A lot of people are talking about movies and spirituality these days, but few are able to create a resource with the clarity and insight of Finding God in the Movies: 33 Films of Reel Faith, by Catherine M. Barsotti and Robert K. Johnston.
The married authors have sifted through hundreds and hundreds of meaningful movies and here presented 33 where, they argue, God may be found.
“God is present in the movies for those who have eyes to see and ears to hear,” they write. “Theology is being portrayed in and will be retained from the movies we see each week at the cineplex.” Without a doubt, they’re right.
Johnston, a professor of theology and culture at Fuller Theological Seminary, has a previous and upcoming book on film. Barsotti has worked in Latino ministries and has been writing movie reviews for almost a decade with Johnston.
The 33 films they’ve chosen range from R-rated pictures like “The Hurricane” to G-rated fare like “The Straight Story.” Almost all of the movies have been released in the last 10 years, and each is available on DVD or VHS.
Barsotti and Johnston don’t just throw films at the reader and hope something sticks. Rather, they begin by categorizing the films topically.
The topics are: Affirming Our Humanity; Beauty, Imagination, and Creativity; Choosing Life; Embracing Our Vocation; Reconciliation within Families; Racial Reconciliation; Forgiveness; Community and Friendship; Faith; Faith and Doubt; Living Our Faith; Images of the Savior; and Renewing the Church.
Readers can expect to find two or three films for each topic, and each film’s chapter is organized in the same, helpful way.
In addition to a movie synopsis and some theological reflection, there’s a list of relevant biblical texts, discussion questions and “bonus material” (more information about the movie’s making and reception). The authors also provide basic information about the movie, including its cast and crew, MPAA rating (as well as their own notes about potentially offensive material), and a list of themes from the movie.
Barsotti and Johnston have chosen well-known films—and some you might never have heard of. For example, to illustrate the topic of “Choosing Life,” they chose “Big Night” and “Fearless.” Chances are many mainstream moviegoers have seen neither.
But Barsotti and Johnston know that part of the search for God in cinema includes discovering new movies, as well as seeking new themes in old ones.
“An honest depiction of a creature can reveal the Creator,” they write in justification for including some edgier movies in their list. “A truthful telling of the human drama can voice the divine as well.”

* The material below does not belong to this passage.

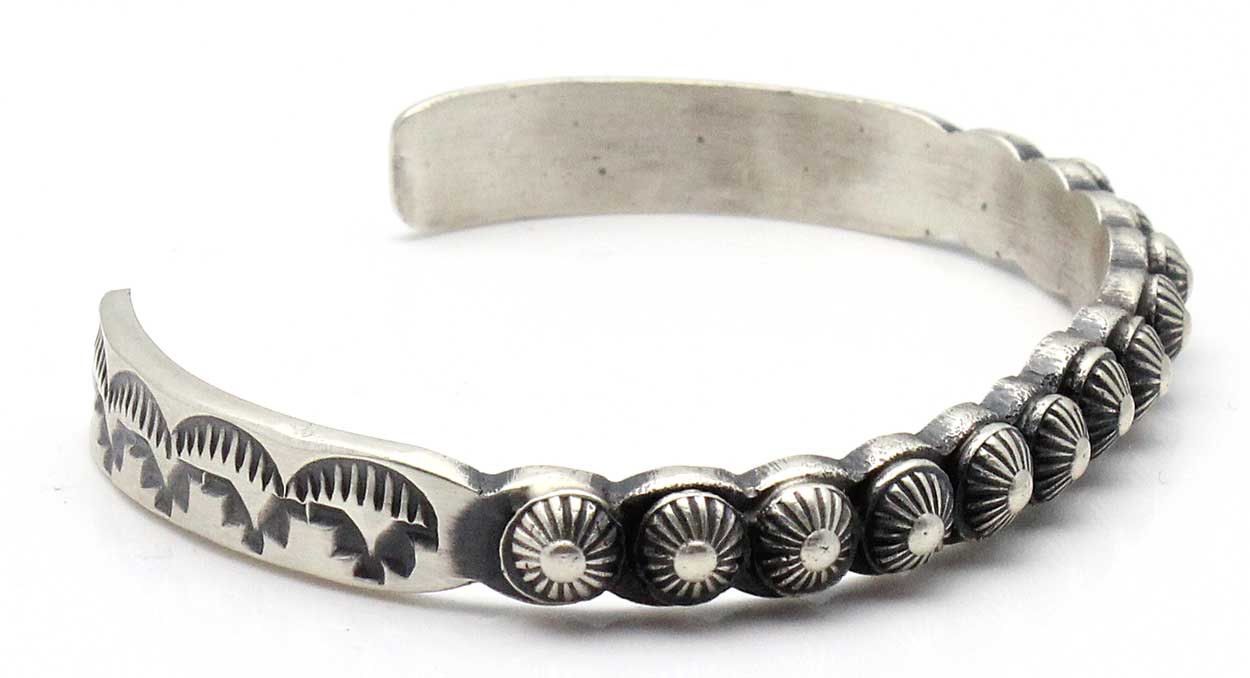 Navajo Silver Bracelet Featuring Hogan Beads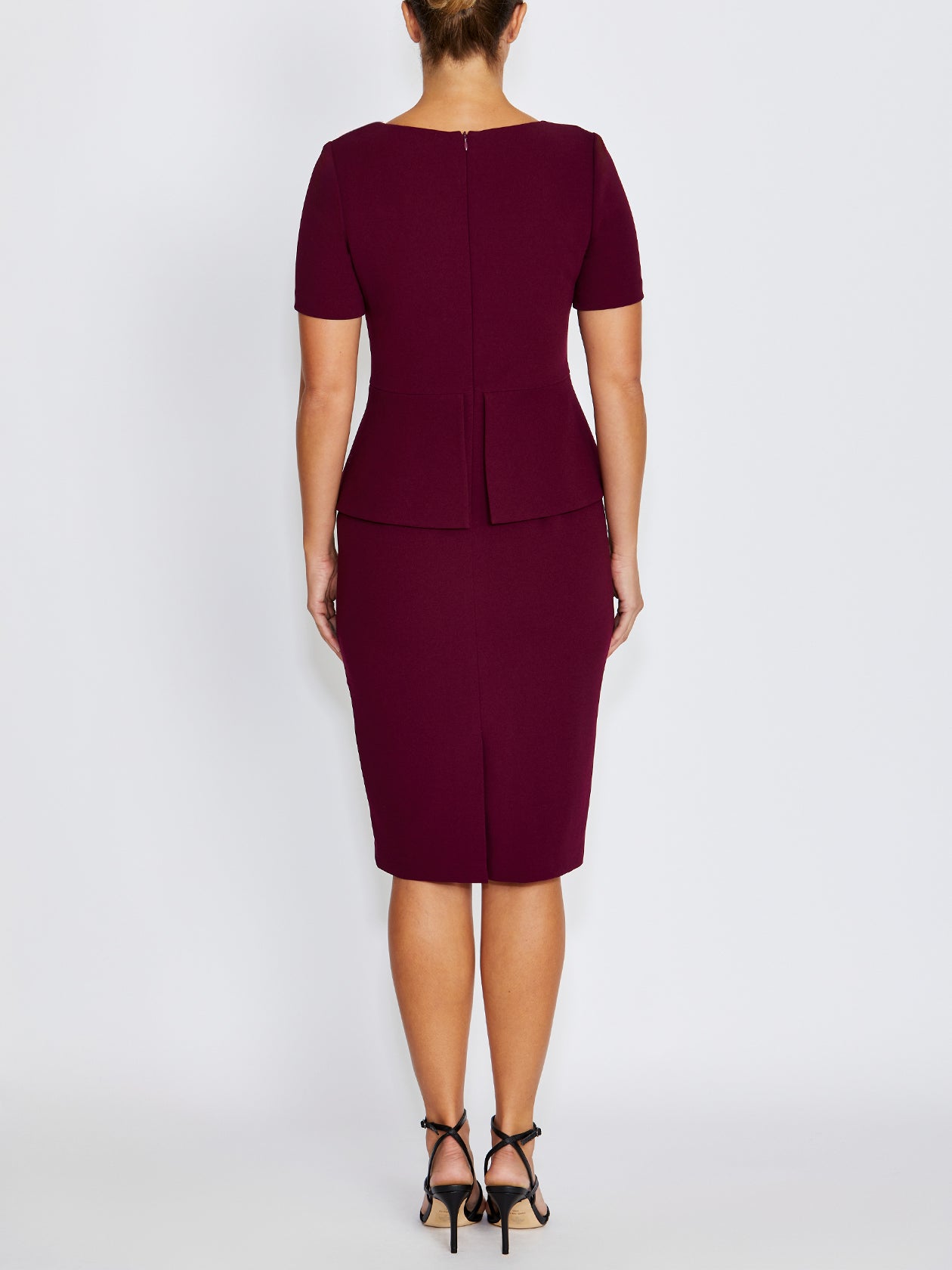 Rachel Wine Peplum Dress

Such comments are welcomed, as is their brief typology for Christian “approaches” to filmmaking. They assert that Christians have tried to crack the Hollywood nut in one of three ways: “faith-based alternatives” (like “Left Behind”), faith-friendly movies (like “Extreme Days”); or simply excellent storytelling that reflects the divine image (like “Chocolat”).
“Trying to distinguish ‘Christian’ moviemaking from quality movies is a counterproductive task,” they write. “We have chosen rather to ask, ‘Where have we found God to be present in the movies?’ And our answer? In good stories that are told with excellence.”
A by-product of searching for God in the movies is the process whereby one becomes a better moviegoer. Readers of this book, or those in groups where it’s used, will become just that: better moviegoers—or to put it another way, more engaged citizens.
The book would obviously be an excellent resource for anyone leading a group discussing spirituality and movies. Teachers could also use some of the authors’ suggestions to supplement other curriculum. For example, a class looking at vocation could be bolstered by using the book’s discussion of the films “The Rookie,” “Billy Elliot” and “The Apostle.”
Two appendices break the films down in other ways that might be helpful: One appendix lists movies by their related biblical texts, and the other lists them by numerous themes like war, promise-keeping, etc.
It’s illuminating to see which films others find spiritually meaningful and why. It’s also interesting to note which actors kept surfacing in the movies they chose. Mel Gibson and Denzel Washington each appeared in three films in the book, and Robert Duvall and Jeff Bridges each appeared in two.
Baker Books has published an excellent resource, and Barsotti and Johnston have done the difficult but worthy task of charting a course to find God in, of all places, the movies.
Cliff Vaughn is culture editor for EthicsDaily.com.